**REQUIRED ACTION:**
Within the data below, how many lines contain "diariamente"? Reply with the number only.

• • • • •

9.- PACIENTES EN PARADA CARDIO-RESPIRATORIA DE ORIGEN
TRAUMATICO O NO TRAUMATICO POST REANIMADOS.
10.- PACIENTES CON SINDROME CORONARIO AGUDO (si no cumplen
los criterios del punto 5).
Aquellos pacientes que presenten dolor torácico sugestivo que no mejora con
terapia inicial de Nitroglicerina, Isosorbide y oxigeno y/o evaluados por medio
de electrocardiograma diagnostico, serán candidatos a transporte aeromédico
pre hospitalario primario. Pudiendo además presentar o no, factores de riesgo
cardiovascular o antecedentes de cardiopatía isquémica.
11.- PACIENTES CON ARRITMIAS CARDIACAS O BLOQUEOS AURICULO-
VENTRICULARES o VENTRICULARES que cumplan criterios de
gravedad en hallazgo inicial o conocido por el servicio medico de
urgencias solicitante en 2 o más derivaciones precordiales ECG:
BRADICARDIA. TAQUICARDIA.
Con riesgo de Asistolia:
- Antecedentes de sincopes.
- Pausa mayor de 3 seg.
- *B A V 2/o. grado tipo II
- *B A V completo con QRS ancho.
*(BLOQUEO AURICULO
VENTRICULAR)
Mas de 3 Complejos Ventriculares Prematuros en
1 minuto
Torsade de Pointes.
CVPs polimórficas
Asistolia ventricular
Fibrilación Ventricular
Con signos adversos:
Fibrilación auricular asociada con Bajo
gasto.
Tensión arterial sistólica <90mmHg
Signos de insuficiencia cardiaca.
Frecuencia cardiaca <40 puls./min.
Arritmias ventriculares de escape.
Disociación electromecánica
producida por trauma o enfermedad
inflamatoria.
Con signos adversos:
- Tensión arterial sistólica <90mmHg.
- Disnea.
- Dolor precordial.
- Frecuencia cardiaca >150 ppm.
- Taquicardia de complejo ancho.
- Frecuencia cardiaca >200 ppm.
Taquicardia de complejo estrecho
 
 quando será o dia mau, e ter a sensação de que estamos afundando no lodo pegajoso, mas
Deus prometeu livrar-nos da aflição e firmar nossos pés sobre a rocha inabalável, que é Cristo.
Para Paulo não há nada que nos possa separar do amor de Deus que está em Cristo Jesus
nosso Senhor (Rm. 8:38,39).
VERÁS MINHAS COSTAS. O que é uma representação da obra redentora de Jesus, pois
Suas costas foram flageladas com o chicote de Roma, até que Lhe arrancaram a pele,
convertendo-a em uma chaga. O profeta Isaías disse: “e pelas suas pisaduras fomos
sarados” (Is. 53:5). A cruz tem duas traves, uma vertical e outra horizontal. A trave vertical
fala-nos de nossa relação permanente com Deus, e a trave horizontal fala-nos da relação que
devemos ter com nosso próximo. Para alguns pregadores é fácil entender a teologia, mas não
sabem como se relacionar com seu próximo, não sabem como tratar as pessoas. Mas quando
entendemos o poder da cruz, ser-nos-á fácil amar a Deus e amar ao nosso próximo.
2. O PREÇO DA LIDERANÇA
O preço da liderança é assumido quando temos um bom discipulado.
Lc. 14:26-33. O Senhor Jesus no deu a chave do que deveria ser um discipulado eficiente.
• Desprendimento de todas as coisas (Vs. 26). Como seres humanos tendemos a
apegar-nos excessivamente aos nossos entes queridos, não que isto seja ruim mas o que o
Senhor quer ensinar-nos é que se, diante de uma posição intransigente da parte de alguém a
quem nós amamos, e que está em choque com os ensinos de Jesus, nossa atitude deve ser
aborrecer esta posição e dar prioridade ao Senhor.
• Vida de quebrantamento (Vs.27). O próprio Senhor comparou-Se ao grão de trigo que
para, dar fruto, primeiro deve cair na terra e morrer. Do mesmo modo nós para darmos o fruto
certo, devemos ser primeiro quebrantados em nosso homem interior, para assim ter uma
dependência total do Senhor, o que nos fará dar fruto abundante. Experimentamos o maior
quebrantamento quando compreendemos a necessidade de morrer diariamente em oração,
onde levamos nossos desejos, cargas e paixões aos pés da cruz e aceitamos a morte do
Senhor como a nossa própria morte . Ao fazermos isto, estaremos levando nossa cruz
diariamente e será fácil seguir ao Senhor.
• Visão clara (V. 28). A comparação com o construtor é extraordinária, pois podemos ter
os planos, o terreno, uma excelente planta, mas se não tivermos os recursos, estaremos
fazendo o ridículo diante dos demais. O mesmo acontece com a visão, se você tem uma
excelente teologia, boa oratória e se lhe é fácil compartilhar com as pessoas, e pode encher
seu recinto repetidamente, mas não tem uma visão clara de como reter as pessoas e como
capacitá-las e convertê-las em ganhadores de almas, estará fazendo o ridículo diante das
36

• • • • •

**OUTPUT FOR THIS TASK:**
2